■ What needs to be done
Below this line is a set of entries; quote exactly the lines from the line that contains "Navyblauwe sweatshirt, gemaakt" to the line that contains "男童连帽卫衣2025新款大儿童春装上衣潮痞帅气时髦男孩春秋款衣服", both lines included.

─── Available data ───

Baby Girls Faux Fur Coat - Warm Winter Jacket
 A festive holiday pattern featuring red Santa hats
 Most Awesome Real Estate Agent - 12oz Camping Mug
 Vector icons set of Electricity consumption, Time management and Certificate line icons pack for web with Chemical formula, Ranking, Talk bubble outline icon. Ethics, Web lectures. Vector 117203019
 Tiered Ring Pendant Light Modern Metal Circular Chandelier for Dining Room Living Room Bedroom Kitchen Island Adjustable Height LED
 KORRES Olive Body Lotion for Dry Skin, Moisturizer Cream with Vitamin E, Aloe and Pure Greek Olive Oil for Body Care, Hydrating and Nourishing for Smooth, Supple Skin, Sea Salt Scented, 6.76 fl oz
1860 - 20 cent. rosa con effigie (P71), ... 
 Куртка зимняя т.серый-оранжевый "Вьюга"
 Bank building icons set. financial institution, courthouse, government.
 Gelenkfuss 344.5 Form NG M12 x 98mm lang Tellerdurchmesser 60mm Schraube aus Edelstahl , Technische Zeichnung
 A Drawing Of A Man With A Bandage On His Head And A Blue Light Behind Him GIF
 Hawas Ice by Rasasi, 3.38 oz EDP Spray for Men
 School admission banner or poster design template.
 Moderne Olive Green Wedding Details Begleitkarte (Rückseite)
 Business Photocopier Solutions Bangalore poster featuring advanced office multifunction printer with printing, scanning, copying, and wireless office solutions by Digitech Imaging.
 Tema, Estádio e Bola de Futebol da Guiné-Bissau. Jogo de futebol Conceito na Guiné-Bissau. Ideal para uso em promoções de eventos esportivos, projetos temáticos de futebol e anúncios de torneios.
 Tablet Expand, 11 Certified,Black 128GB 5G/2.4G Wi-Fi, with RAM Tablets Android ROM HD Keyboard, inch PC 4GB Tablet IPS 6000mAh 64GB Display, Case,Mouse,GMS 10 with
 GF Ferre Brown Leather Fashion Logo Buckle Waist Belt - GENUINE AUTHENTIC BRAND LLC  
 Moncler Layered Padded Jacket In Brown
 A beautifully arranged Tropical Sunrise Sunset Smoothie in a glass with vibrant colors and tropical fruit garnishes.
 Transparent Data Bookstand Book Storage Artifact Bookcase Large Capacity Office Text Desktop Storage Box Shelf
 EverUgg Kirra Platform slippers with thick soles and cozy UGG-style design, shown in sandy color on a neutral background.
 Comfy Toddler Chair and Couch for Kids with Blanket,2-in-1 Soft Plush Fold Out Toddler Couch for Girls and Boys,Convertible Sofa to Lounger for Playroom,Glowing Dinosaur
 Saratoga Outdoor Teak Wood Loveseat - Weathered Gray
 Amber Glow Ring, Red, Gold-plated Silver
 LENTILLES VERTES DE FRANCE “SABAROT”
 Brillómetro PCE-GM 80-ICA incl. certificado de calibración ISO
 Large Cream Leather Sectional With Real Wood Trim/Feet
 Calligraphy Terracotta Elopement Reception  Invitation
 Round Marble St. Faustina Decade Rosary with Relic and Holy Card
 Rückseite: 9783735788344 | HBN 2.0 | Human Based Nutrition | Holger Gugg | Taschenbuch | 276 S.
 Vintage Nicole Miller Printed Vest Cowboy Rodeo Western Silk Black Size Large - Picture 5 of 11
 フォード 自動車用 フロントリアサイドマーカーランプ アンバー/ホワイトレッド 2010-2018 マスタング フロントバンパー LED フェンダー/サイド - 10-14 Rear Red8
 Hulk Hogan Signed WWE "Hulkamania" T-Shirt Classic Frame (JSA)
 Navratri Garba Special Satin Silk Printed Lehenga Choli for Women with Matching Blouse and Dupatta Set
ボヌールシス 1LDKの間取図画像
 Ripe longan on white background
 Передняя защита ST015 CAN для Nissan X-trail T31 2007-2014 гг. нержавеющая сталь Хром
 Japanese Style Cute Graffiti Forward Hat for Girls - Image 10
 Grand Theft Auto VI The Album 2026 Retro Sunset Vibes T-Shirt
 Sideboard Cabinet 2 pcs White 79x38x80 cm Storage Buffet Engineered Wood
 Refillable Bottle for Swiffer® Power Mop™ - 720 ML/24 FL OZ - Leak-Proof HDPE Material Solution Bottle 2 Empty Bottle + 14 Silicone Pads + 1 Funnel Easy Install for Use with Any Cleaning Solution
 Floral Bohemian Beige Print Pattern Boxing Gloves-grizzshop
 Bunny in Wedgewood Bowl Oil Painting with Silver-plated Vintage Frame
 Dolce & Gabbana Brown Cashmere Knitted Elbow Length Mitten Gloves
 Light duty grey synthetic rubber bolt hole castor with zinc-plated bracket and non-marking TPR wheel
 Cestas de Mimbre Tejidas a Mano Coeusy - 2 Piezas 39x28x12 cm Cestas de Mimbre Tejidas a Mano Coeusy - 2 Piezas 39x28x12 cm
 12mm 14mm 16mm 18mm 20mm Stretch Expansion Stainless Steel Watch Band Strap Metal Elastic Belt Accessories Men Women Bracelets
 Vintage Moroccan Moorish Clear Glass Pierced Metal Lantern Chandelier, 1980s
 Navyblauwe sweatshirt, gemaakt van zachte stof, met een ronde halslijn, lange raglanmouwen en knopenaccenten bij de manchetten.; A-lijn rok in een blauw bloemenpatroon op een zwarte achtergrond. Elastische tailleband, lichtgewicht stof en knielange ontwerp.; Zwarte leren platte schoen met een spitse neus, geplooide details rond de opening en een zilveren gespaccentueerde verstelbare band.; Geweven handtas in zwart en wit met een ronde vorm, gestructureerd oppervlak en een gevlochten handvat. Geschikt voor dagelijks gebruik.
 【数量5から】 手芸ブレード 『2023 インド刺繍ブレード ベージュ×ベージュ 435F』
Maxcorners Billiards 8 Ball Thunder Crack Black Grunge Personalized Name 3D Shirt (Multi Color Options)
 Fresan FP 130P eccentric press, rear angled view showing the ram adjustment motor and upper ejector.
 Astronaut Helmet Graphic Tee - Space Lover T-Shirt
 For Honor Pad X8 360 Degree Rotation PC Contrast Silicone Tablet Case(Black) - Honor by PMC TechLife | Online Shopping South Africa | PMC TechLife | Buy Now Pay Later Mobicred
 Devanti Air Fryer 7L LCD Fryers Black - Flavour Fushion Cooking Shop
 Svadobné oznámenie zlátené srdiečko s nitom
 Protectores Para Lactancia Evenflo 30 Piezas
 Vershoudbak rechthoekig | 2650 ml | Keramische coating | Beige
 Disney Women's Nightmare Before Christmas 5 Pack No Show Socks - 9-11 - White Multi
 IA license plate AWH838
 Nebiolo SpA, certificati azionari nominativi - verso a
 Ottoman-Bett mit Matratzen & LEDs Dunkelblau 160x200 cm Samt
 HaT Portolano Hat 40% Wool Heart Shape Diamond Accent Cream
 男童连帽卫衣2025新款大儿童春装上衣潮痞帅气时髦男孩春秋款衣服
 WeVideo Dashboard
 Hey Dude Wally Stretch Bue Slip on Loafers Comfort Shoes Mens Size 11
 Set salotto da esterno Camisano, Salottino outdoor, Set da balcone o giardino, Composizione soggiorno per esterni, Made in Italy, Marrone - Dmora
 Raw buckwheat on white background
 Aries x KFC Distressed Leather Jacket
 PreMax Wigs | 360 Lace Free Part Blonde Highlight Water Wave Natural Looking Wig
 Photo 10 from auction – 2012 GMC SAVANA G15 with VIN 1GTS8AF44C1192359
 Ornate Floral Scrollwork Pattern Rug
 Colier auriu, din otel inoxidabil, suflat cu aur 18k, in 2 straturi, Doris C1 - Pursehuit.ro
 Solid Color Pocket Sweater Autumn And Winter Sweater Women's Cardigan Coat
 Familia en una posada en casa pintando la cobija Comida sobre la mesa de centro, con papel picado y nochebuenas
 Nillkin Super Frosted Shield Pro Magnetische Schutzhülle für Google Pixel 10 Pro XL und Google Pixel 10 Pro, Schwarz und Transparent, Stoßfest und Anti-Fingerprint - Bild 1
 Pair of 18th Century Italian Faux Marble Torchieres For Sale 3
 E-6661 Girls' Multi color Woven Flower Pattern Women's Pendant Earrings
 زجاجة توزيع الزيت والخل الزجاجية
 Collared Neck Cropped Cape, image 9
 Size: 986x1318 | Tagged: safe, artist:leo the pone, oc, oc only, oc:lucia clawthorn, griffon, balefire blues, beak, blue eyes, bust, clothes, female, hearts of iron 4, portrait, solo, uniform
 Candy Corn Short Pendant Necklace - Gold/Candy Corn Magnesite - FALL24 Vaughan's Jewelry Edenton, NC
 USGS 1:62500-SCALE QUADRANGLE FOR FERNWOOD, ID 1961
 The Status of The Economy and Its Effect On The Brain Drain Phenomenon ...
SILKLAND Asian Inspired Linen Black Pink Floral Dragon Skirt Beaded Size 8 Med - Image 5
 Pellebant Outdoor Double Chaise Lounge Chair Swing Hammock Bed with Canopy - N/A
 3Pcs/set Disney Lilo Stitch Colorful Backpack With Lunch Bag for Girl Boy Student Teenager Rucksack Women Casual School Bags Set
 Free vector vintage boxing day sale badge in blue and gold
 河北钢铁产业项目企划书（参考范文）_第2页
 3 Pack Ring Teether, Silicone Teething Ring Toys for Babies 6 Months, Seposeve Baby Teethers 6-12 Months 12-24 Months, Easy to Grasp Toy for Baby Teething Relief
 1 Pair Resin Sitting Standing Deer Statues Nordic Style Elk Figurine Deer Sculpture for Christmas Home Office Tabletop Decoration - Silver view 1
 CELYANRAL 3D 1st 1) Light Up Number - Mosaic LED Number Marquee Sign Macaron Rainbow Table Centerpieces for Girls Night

───

■ Written reply
 Navyblauwe sweatshirt, gemaakt van zachte stof, met een ronde halslijn, lange raglanmouwen en knopenaccenten bij de manchetten.; A-lijn rok in een blauw bloemenpatroon op een zwarte achtergrond. Elastische tailleband, lichtgewicht stof en knielange ontwerp.; Zwarte leren platte schoen met een spitse neus, geplooide details rond de opening en een zilveren gespaccentueerde verstelbare band.; Geweven handtas in zwart en wit met een ronde vorm, gestructureerd oppervlak en een gevlochten handvat. Geschikt voor dagelijks gebruik.
 【数量5から】 手芸ブレード 『2023 インド刺繍ブレード ベージュ×ベージュ 435F』
Maxcorners Billiards 8 Ball Thunder Crack Black Grunge Personalized Name 3D Shirt (Multi Color Options)
 Fresan FP 130P eccentric press, rear angled view showing the ram adjustment motor and upper ejector.
 Astronaut Helmet Graphic Tee - Space Lover T-Shirt
 For Honor Pad X8 360 Degree Rotation PC Contrast Silicone Tablet Case(Black) - Honor by PMC TechLife | Online Shopping South Africa | PMC TechLife | Buy Now Pay Later Mobicred
 Devanti Air Fryer 7L LCD Fryers Black - Flavour Fushion Cooking Shop
 Svadobné oznámenie zlátené srdiečko s nitom
 Protectores Para Lactancia Evenflo 30 Piezas
 Vershoudbak rechthoekig | 2650 ml | Keramische coating | Beige
 Disney Women's Nightmare Before Christmas 5 Pack No Show Socks - 9-11 - White Multi
 IA license plate AWH838
 Nebiolo SpA, certificati azionari nominativi - verso a
 Ottoman-Bett mit Matratzen & LEDs Dunkelblau 160x200 cm Samt
 HaT Portolano Hat 40% Wool Heart Shape Diamond Accent Cream
 男童连帽卫衣2025新款大儿童春装上衣潮痞帅气时髦男孩春秋款衣服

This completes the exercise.